>>>

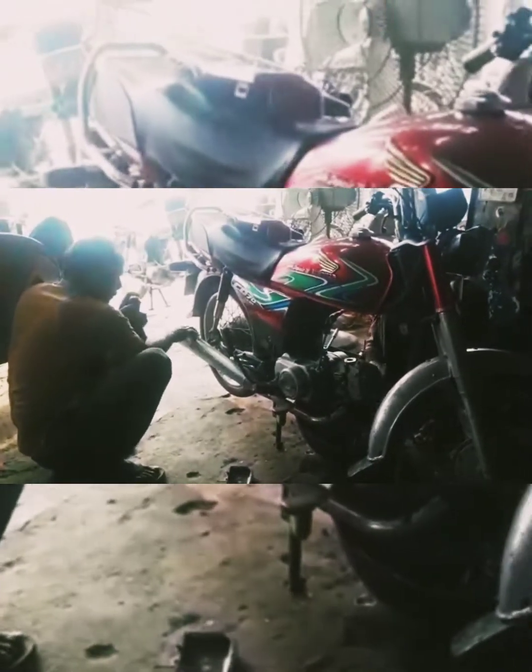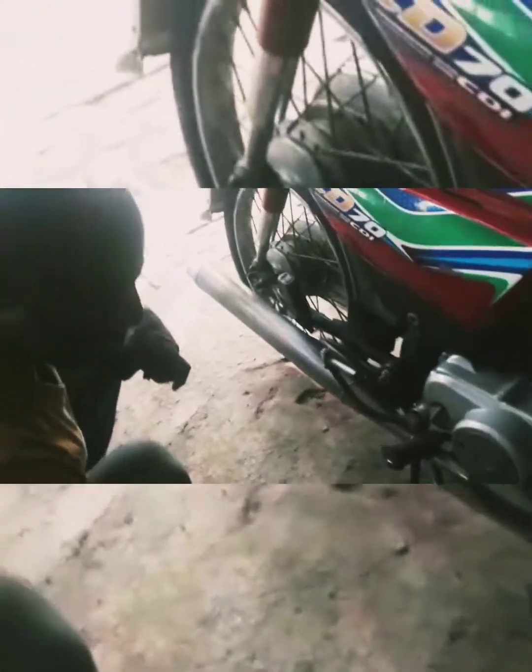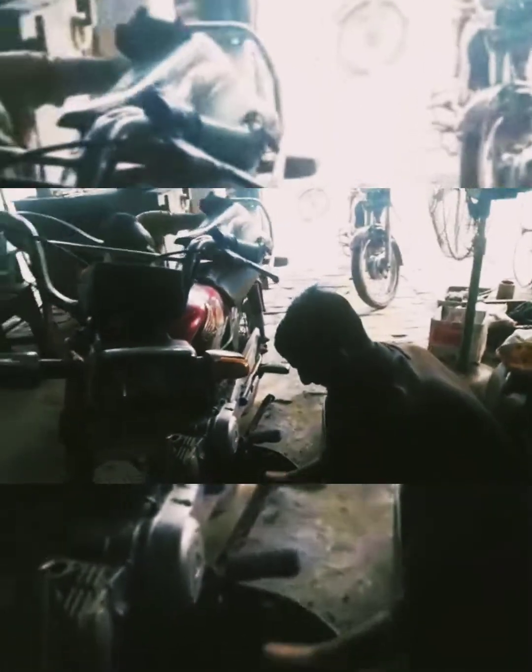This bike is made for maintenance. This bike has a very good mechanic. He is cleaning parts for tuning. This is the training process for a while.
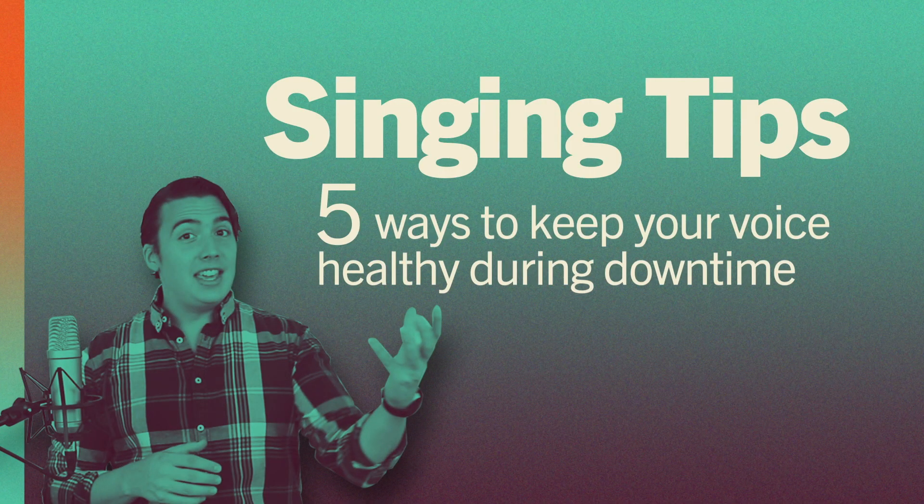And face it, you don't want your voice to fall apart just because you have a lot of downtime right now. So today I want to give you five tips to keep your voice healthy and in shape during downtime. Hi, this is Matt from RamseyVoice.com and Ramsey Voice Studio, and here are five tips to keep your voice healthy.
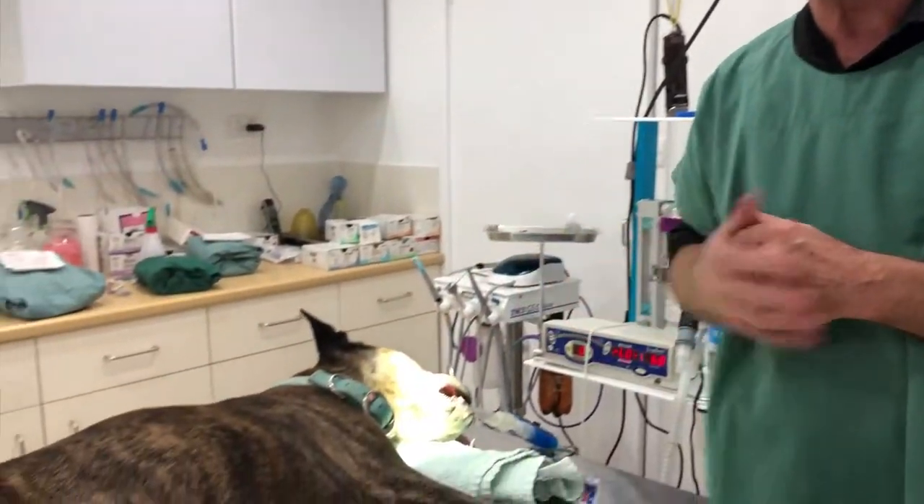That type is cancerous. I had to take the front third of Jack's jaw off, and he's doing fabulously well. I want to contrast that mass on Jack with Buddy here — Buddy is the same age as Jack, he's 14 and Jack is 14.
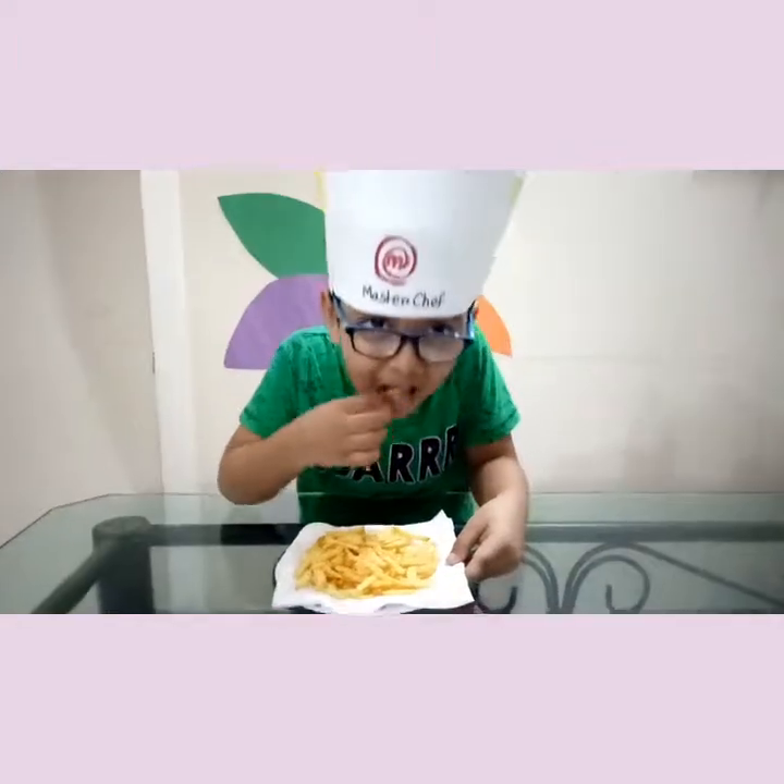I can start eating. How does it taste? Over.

<<<

→ Assignment: Starting at the line that contains "That type is", retype every line through the end of the material exactly as written, including both end lines but no pictures.

→ Response area:
That type is cancerous. I had to take the front third of Jack's jaw off, and he's doing fabulously well. I want to contrast that mass on Jack with Buddy here — Buddy is the same age as Jack, he's 14 and Jack is 14.
I can start eating. How does it taste? Over.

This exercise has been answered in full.